Lee Dryburgh, founder of the EComm Conference, makes some interesting points about the future of telephone calls. He points out that it is not in the operator’s interest to enable true efficiency for users of telephones—operators bill by the minute—people save time by the minute. Two contrary intentions. From his recent blog:

Operators have very little incentive to start respecting people’s time and attention. Yet there is ever-greater pressure for people’s time and attention – it’s the new scarcity. Operators are not likely to strive for successful communications anytime soon; i.e. five 9’s of fulfilling intention rather than electrical circuit availability. Their legacy binds them to the notion that connectivity is the scarcity not human time and attention. Their business model is one of charging according to time (minutes) spent using the network. Efficiency in most cases would mean less minutes.

From our point of view, it is not only the operators that impede the efficiency of phones. We have deep rooted assumptions about what a phone call is—and those assumptions drive the basic core entity (a live call originally connected by a solid piece of copper) on which telephony and, more importantly, the telephone application is built. It is not enough to bypass the traditional phone carriers. Many VoIP applications have accomplished that, but even with VoIP the primary call experience is still the same.
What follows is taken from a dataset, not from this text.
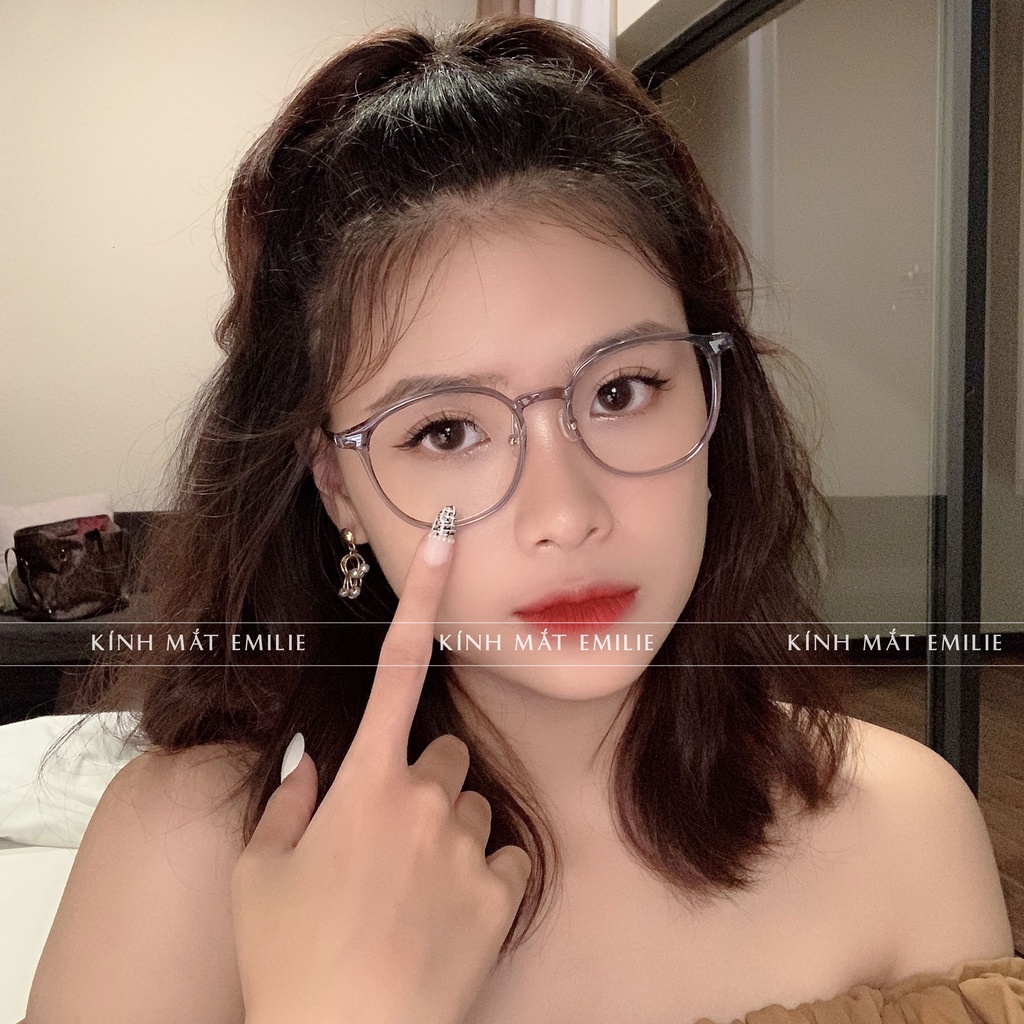 Gọng kính tròn bầu nhựa dẻo nhẹ kết hợp kim loại Emilie eyewear phụ kiện thời trang 01247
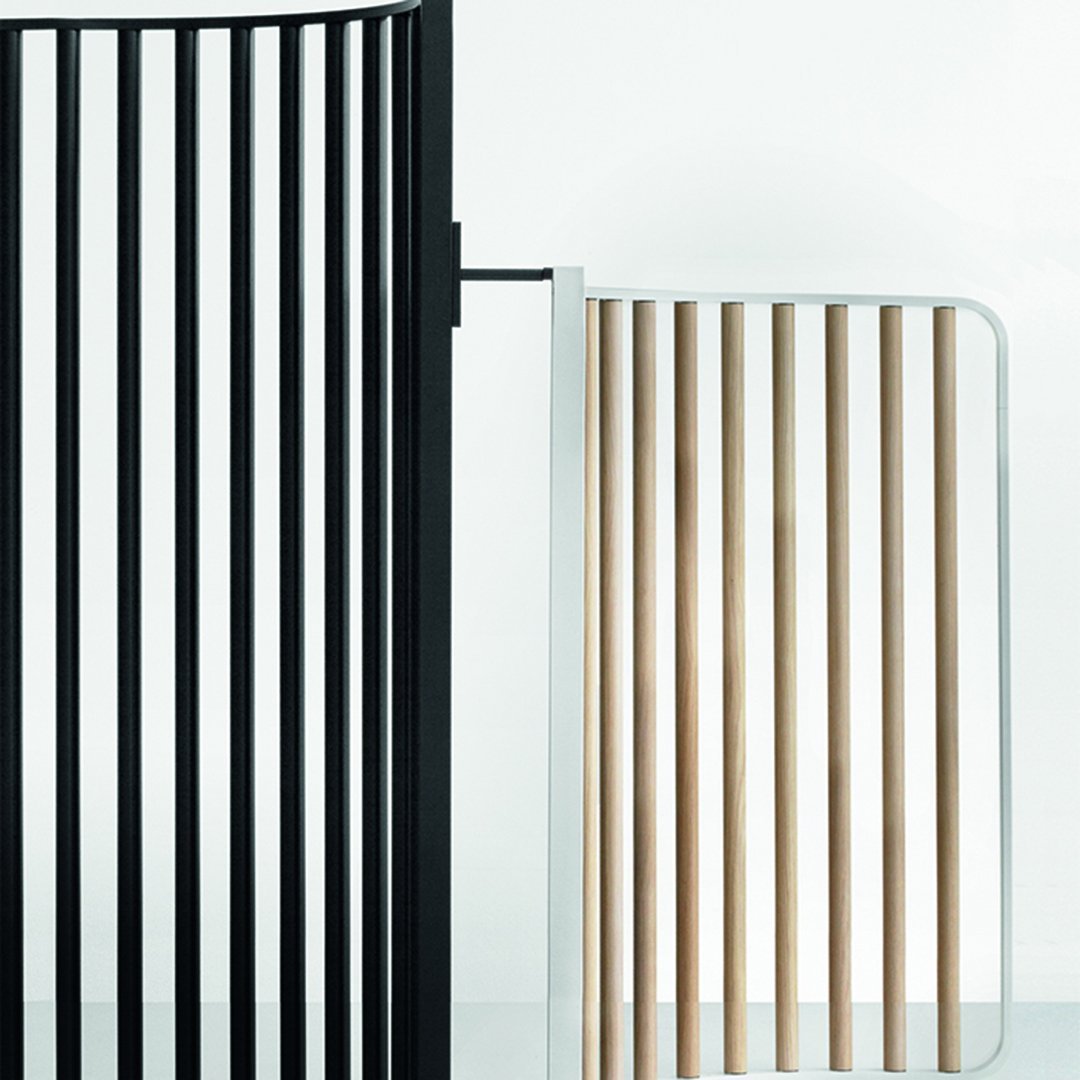 Modern design featuring black vertical slats paired with natural wood tones, creating a striking contrast in patterns.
We feel it is primary that both the sender’s and receiver’s efficiency are optimized—you can speak to whomever you want whenever you want. You can listen whenever you want to whomever you want. Each should have perfect control. And there should be no overhead time lost and no unwanted interruptions. This takes more than bypassing the operators and going to IP. It requires a pervasive rethinking of how to meet those goals in an entirely new way. But you can’t get there until you design the optimal user experience. This requires you to adopt a new set of constraints with which we are required to optimize the technology to meet the goals of users—instead of the traditional other way ’round where users are still required to behave in ways dictated originally by century old technology.